I suggest avoiding installation in a subdomain. It’s unusual and may lead to problems; others can perhaps confirm? In your situation, I’d prefer to use a separate, temporary domain name, e.g. exampletest.com, and install there.
There’s more to moving the test site than you’ve mentioned, but there’s plenty of guidance available: http://codex.wordpress.org/Moving_WordPress
The key thing you’ve missed is going through the database and changing all the URLs held there. That could include, for example, the URLs of uploaded images in your test posts, hyperlinks from post to post etc.
Thread Starter
Jeremy
(@jfairbrass)
I’m a bit confused as to why using a subdomain for my test site is more problematic than using a separate domain. Surely a domain is a domain, whether it’s test.example.com or exampletest.com? Either way, it needs to be changed from what it currently is, into http://www.example.com when I’m ready to go live, right? So surely the steps for changing it would be the same?
Please note that I would not need to move the actual WP files or change the database name at all. So the steps at http://codex.wordpress.org/Moving_WordPress mostly would not apply, as they are talking about moving the WP files from one location/folder on the server to another, or from one server to another server, which I would not be doing. I’d keep the files in the same folder on the same server, but simply change the URL (which will also require me to make some modifications to my domain settings with my web provider, which I can easily do).
I found a couple of plugins that seem to be designed to help change the URL when moving WP:
http://wordpress.org/extend/plugins/wordpress-move/
http://wordpress.org/extend/plugins/velvet-blues-update-urls/
I think I could use one of those to take care of the URL change for me.

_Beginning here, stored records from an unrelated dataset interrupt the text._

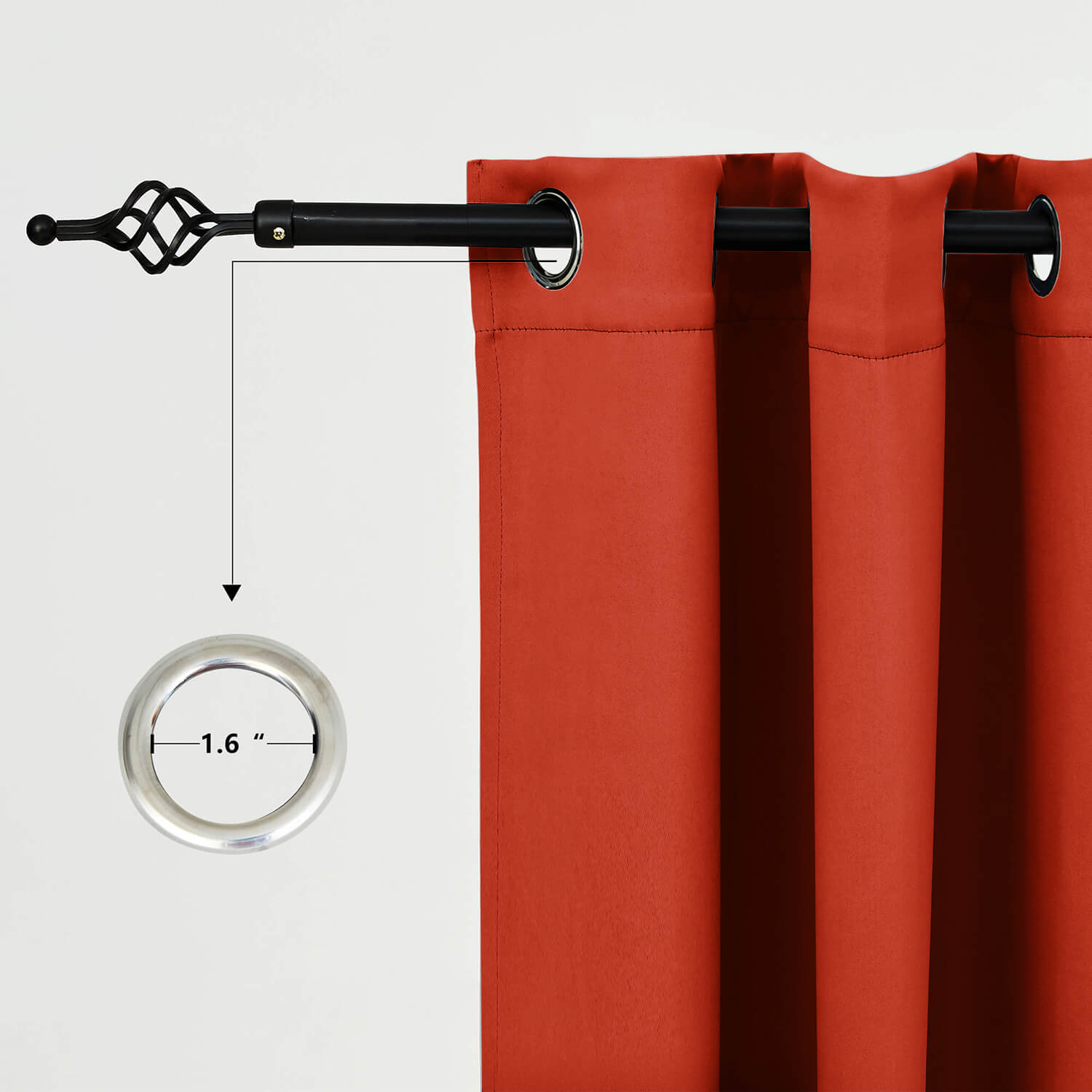 Outdoor Curtains Waterproof Grommet Top 1 Panel - Orange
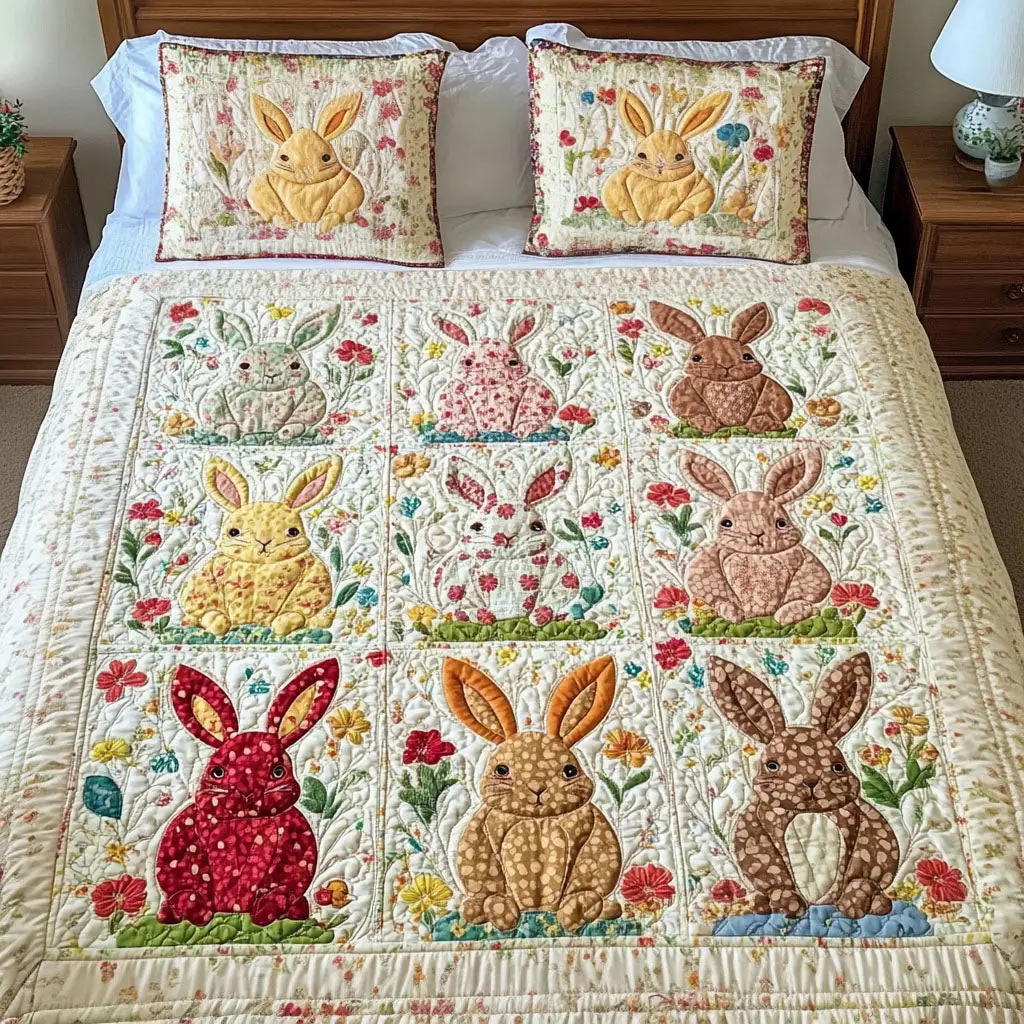 Easter Bunny Meadow Quilted Bedding Set Holiday Duvet Cover Unique Bunny Owner Gifts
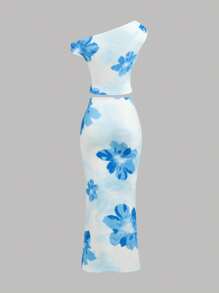 Girlism Teengirl 2 Pieces Set: Blue Casual Floral Pattern Asymmetrical Ruched Snug Fit Mini Skirt, Suitable For Summer, Vacation Outfits Young Girls Sets Summer Outfits 15 16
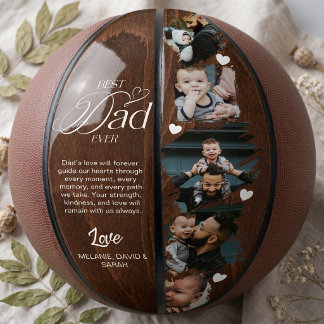 Best Dad Ever Woodgrain Fathers Day Photo Collage Basketball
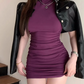 Sexy Tight Half High Collar Pleated Waist Mini Dress Spicy Girls Slim Dresses Bodycon Women Vestidos Cortos Party Mujer Clothing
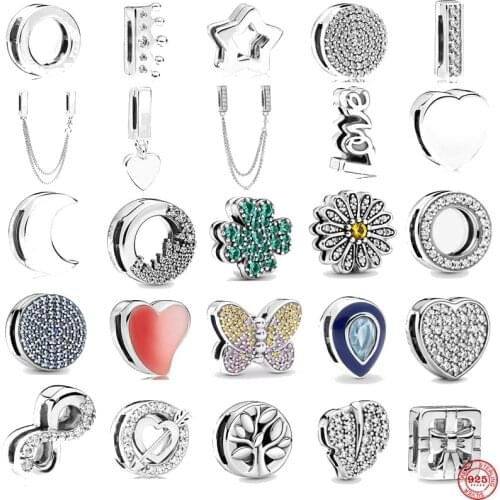 NEW Reflexions Heart Dangle star water drop butterfly round Clip Charm diy Beads fit Original Pandora Charms Silver 925 Bracelet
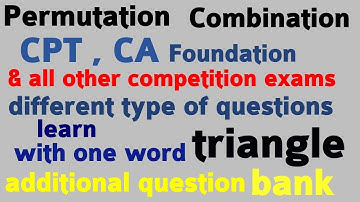 Q. 61 to 70. Permutation, combination different type of question.  for ALL EXAMS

In my original post above, I asked whether I could safely activate the multisite functionality (via that line in wp-config.php) after I’d built the site and changed the URL to make it live. I think the answer to that question is yes, right? In other words, it’s not necessary for me to activate multisite straight away after installing WP – I can first build my site with a non-network installation, creating all my pages and content and everything, and once it’s all done and I make the site live, I can afterwards (at any time) add that line to wp-config.php to enable the network functionality???? And then start creating the additional websites to the network that I want?

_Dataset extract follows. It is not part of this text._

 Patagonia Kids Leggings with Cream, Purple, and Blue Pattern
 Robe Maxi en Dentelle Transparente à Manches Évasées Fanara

That way, I’d avoid some of the complications of changing the URL of a multisite WP, which, from what I can gather, is much more complicated to do than changing the URL of a non-multisite WP – right?
(Hope that makes sense!)
If you use a subdomain install for your test site, such as http://test.example.com, then you cannot choose to use the popular sub-domain install (in which user sites have URLs such as http://user1.example.com).
You cannot choose Sub-domain Install (for a domain-based network) in the following cases:
The WordPress URL contains a path, not just a domain. (That is, WordPress is not installed in a document root, or you are not using the URL of that document root.)
http://codex.wordpress.org/Before_You_Create_A_Network
You’d get away with it OK if you were prepared to limit yourself to a Sub-directory install (where user site names are like http://test.example.com/user1).
Thread Starter
Jeremy
(@jfairbrass)
Okay, I still don’t really get this, and I’m wondering if perhaps we’re not on the same page as each other. 🙂
First of all, with your quote above about subdomain multisite installs not working when the URL contains a path: I do understand that, but it doesn’t apply to me, as I’ll install WP into the document root, not into any subfolder or path. So no problems there.
I still don’t see why I can’t first install WP with a test subdomain (test.example.com) *without* enabling multisite – so WP is just an old fashioned, regular, non-network installation – then build the site how want it, then change the URL to http://www.example.com (using those plugins I mentioned previously for helping to change the URL) – and THEN, finally, turn on multisite by editing the wp-config.php file. Why wouldn’t that work? Because in this scenario, I’m taking an installation that uses http://www.example.com and turning *that* into a multisite setup, with http://www.example.com being the primary domain there. WordPress, at that stage, has no knowledge anymore of the old test.example.com domain – right?
Everything I’ve read at http://codex.wordpress.org/Before_You_Create_A_Network and http://codex.wordpress.org/Create_A_Network suggests that this should work fine. :S
Installing single site in test.example.com, MOVING it as single site to example.com and THEN turning on Multisite will work.